Dear Brothers in our Lord Jesus Christ, 

I SHALL ALWAYS be grateful to God for having given me the opportunity to visit New Zealand. Even though my stay among you in 1973 was a brief one, it gave me great joy. Be assured that my memories of these days are still vivid, and that they constitute one more reason for me to do everything in my power to be of service to your beloved people in the Gospel of Christ. And today it is my hope, with God’s grace, to fulfil my papal ministry towards you, my brother Bishops as Successor of Peter I desire to confirna you in the Apostle’s profession of faith, so that you in turn may continue with fresh vigour and new strength to preach Jesus Christ the Son of the living God, and to assist your people to realize to the full their Christian dignity and to attain their final destiny 

The Second Vatican Council wanted to avoid every semblance of triumphalism in the Church. In this regard it pointed out that Christ calls his Church “to that continual reformation of which she always has need, insofar as she is an institution of people here on earth”. The Council never had any intention of claiming that the Church always has at hand facile solutions to individual problems;  it did, however, positively wish to emphasize the teaching role of the Church: the fact that she is endowed with light from God, in order to offer solutions to problems that affect humanity. The Council desired that through the preaching of the Gospel all people would be illumined by the light of Christ that shines on the face of the Church.

The Church truly reflects the light of Christ, and from Christ she has received a message that answers the fundamental aspirations of the human heart. In the Pastoral Constitution on the Church in the modern world we are reminded that " Bishops, who are assigned the task of ruling the Church of God, should, together with their priests, so preach the message of Christ that all the earthly activities of the faithful will be bathed in the light of the Gospel". As Bishops, you are constantly trying to fulfil this role of pastoral service: to bring the treasure of God’s word to bear relevantly on the life of each member of the flock, to bring the light of Christ into the lives of individuals and communities. 

I wish to assure you today that I am deeply aware of the bonds that unite us in the Church and in her hierarchical communion. You have my prayers and support for all your apostolic labours. In particular, I am at one with you in your mission of defending human life in all its stages. In all your catechetical endeavours, in all your work for Catholic education, you can count on the solidarity of the universal Church. What an important work it is to provide children with Catholic schools, in which they can "grow up in every way into him who is the head, into Christ"! What a great challenge it is for a Bishop to guard the deposit of Christian doctrine, so that each new generation can receive the fullness of the apostolic faith! And to what deep paternal sensitivity and spiritual leadership the Bishop is called, in order effectively to associate the whole Diocese with himself in exercising the collective vigilance that is needed for maintaining true Catholic education! Through word and example and prayer, the Bishop must inspire each member of the Christian family to do his or her part, so that the light of Christ will touch all people in each vital aspect of modern living. 
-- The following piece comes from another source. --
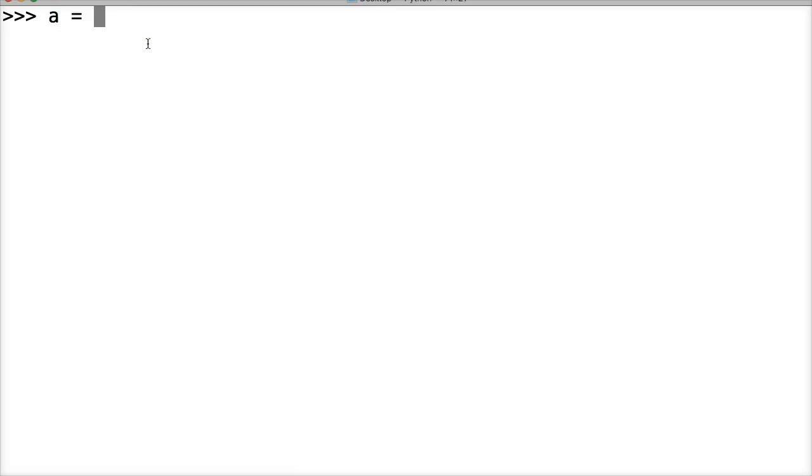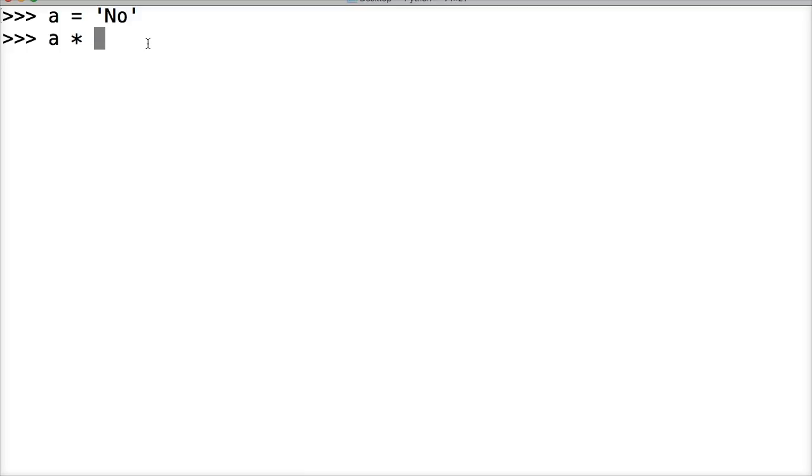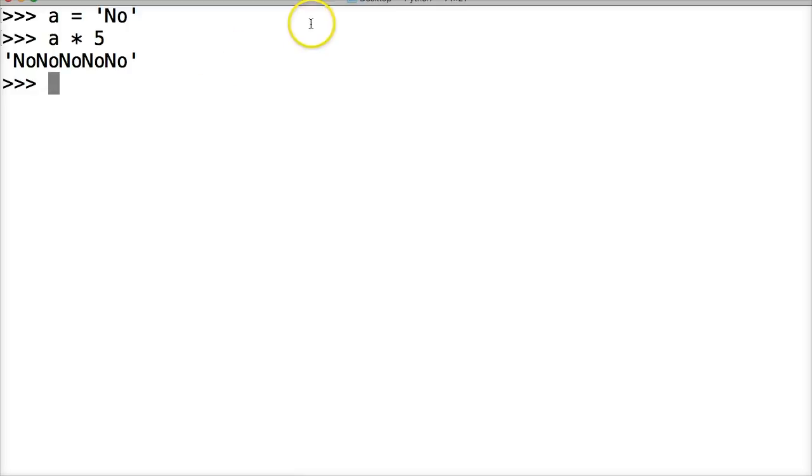Let's do A is going to represent a string that has no. All right, we go A, multiplication symbol, which is the asterisk, 5. Hit return, and we get no, no, no, no, no. So we created a new string object that now contains 5 no's.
Despite difficulties and obstacles we must never falter in our commitment to work for the re-establishment of Christian unity, according to the ardent desire of the heart of Christ. The orientation of the Ecumenical Council is decisive, and its call for conversion and holiness of life is even more imperative today than it was fourteen years ago when this appeal was made: "Let all Christ’s faithful remember that the more purely they strive to live according to the Gospel, the more they are fostering and even practising Christian unity". The great ecumenical heritage of the Council was succinctly summarized by Paul VI in the closing lines of his testament, which I propose once again to your prayerful meditation and to that of the whole Church: "let the work of drawing closer to our separated Brethren be carried on, with much understanding, with much patience, with great love; but without deviation from the true Catholic doctrine". This delicate work is beyond human power; only the Holy Spirit can bring it to completion. With the intensity of love we must pray to the Father: "thy Kingdom come, thy will be done". 

With these reflections I reiterate my affection in Christ Jesus for all the Catholic people and for all your fellow-citizens in New Zealand. My special love is with the poor, the sick, the suffering. I send a particular greeting to the Maori people, encouraging them to remain strong in faith and fervent in love. 

My Apostolic Blessing "to all of you that are in Christ".